The tension grew so thick even former president Bill Clinton, speaking at a Democratic Leadership Council meeting on July 31, said he didn't "want to get in the middle of that little spat that Hillary and Senator Obama had." After Sen. Barack Obama asserted at a debate that as president he would meet with some of the most notorious world leaders, Sen. Hillary Clinton called it "irresponsible" and "naïve" to meet with the likes of Hugo Chavez or Fidel Castro without laying significant groundwork-a first foreign policy divide in the campaign.

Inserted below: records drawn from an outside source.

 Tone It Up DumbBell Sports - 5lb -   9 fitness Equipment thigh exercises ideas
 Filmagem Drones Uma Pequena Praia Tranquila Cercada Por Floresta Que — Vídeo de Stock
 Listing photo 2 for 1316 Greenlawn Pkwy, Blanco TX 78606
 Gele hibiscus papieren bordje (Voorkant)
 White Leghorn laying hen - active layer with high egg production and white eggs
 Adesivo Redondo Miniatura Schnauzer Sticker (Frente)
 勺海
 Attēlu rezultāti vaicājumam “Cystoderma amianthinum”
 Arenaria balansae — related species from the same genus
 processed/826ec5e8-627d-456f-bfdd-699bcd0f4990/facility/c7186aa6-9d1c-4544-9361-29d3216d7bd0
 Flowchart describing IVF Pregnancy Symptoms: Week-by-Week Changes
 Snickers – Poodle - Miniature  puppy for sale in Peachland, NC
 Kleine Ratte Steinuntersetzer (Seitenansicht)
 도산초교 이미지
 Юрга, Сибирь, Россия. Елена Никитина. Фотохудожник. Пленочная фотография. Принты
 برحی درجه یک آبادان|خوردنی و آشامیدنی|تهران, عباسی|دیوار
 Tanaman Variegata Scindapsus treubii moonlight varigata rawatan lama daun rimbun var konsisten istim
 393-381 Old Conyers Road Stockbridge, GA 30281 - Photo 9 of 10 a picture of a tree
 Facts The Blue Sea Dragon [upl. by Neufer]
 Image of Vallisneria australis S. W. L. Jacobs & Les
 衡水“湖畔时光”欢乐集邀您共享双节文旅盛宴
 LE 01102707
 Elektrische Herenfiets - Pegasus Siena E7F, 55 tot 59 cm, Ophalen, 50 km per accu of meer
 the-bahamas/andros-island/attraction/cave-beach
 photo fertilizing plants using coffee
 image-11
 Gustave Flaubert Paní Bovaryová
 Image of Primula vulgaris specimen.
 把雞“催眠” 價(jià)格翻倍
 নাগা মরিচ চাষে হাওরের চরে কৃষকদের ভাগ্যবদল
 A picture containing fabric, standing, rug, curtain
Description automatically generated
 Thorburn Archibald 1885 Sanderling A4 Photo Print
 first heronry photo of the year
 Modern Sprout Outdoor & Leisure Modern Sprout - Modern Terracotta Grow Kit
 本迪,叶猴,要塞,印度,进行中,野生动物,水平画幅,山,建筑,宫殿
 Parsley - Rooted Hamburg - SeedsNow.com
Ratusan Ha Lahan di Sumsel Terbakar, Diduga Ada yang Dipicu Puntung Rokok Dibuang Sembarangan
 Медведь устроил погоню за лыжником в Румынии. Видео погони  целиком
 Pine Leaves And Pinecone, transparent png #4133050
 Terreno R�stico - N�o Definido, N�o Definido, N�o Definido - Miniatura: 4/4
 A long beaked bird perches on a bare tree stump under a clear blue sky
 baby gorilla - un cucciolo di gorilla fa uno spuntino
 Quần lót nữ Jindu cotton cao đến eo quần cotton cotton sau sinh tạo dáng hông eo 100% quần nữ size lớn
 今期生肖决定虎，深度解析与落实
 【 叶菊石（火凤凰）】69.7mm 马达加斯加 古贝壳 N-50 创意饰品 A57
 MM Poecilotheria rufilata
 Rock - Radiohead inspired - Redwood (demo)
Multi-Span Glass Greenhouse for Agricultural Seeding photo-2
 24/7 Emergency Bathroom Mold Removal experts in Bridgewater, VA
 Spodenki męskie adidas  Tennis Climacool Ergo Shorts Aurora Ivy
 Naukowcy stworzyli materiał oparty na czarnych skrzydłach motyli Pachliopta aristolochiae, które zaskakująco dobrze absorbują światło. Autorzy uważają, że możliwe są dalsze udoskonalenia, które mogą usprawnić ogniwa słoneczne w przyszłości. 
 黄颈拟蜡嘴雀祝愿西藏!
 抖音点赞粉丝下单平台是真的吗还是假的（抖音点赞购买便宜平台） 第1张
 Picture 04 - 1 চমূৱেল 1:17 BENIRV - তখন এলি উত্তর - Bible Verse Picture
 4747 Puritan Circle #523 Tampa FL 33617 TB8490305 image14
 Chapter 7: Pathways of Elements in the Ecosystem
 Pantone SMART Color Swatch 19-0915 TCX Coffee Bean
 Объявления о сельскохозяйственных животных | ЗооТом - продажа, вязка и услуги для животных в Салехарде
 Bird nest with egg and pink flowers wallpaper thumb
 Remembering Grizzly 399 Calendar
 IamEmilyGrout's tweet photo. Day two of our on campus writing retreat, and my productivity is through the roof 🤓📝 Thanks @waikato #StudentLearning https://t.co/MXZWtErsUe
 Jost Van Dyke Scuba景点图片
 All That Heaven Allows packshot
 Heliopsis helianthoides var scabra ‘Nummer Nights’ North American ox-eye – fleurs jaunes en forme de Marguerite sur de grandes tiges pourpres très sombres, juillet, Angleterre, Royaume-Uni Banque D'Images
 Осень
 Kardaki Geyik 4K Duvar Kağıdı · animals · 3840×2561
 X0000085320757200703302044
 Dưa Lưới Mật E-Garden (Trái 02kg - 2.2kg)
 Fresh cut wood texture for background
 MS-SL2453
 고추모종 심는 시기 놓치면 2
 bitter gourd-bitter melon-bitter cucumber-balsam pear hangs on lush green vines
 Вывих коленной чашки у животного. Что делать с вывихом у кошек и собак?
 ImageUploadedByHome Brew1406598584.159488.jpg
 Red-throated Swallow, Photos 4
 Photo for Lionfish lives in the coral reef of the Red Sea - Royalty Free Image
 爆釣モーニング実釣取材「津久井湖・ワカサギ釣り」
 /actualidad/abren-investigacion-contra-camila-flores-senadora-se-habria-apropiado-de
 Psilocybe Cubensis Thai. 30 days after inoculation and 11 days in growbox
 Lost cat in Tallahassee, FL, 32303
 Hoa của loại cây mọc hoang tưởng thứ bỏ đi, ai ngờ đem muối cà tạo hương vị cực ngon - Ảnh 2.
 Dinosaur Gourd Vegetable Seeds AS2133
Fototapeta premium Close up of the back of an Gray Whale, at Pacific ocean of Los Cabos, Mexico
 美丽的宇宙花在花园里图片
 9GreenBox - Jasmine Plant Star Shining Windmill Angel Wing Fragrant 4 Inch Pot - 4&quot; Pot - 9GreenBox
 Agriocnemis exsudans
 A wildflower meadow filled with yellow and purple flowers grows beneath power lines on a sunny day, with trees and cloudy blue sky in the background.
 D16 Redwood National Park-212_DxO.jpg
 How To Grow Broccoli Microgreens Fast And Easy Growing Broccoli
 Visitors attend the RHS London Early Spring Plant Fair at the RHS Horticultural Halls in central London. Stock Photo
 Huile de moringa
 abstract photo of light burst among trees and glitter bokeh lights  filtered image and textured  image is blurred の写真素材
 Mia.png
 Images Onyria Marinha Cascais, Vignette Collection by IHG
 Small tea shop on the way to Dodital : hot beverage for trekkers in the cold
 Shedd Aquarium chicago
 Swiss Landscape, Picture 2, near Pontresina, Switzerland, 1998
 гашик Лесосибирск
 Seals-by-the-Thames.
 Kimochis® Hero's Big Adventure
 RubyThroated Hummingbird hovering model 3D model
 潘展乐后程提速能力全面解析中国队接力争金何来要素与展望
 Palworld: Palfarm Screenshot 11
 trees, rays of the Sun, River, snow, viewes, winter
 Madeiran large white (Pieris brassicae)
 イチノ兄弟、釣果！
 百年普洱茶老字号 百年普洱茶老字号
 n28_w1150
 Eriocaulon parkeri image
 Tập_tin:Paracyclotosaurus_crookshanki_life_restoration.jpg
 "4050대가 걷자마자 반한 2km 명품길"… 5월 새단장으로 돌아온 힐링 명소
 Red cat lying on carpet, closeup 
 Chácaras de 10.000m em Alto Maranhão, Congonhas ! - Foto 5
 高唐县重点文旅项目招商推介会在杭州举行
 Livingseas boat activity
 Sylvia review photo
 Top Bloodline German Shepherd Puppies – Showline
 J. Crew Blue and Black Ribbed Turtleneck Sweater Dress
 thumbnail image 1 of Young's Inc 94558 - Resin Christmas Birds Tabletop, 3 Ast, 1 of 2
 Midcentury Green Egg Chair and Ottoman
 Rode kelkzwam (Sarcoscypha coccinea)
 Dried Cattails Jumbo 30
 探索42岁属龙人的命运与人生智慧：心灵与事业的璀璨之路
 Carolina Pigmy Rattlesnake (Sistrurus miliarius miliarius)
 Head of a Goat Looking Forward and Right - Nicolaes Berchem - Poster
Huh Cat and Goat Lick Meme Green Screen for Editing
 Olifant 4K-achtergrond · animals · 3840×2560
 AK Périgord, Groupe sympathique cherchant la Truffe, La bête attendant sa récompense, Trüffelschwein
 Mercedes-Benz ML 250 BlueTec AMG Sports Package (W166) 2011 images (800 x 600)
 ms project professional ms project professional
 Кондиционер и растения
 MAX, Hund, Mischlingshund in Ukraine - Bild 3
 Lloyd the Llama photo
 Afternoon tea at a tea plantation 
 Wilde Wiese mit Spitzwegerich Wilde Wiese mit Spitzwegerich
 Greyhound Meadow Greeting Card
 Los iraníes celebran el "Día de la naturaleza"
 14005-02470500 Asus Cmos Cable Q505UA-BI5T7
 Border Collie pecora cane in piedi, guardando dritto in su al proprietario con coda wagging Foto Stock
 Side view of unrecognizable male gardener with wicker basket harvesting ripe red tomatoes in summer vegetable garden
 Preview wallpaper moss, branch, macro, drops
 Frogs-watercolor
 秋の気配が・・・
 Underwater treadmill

But Democratic lawmakers remained defiantly united in opposing the war in Iraq. The House passed a bill barring the establishment of permanent military bases in Iraq and Speaker Nancy Pelosi vowed to "go on record-every day if necessary" to register opposition to the war. The legislation sparked renewed questions about President Bush's long-term plans for Iraq, and his ability to communicate those goals to the American public.

Aborted

Amnesty International will stick to its new policy, adopted in April, of accepting abortion in cases of rape and incest. The human-rights group meets this month in Mexico where discussion on the topic may continue, but not change anything. Having been neutral on abortion for decades, Amnesty officials said the shift came from a desire to help women raped in war zones such as Darfur and Congo.

Darfur

One year after the UN ordered peacekeepers into Darfur, UN and Sudan officials agreed to a "hybrid" peacekeeping force to patrol the crisis region-raising African-led troop levels from 7,000 to potentially over 20,000. But the agreement does not allow peacekeepers to seize illegal weapons, and does not sanction the Islamist government in Khartoum if it does not keep its end of the deal-key concessions made to win the vote of Security Council member China.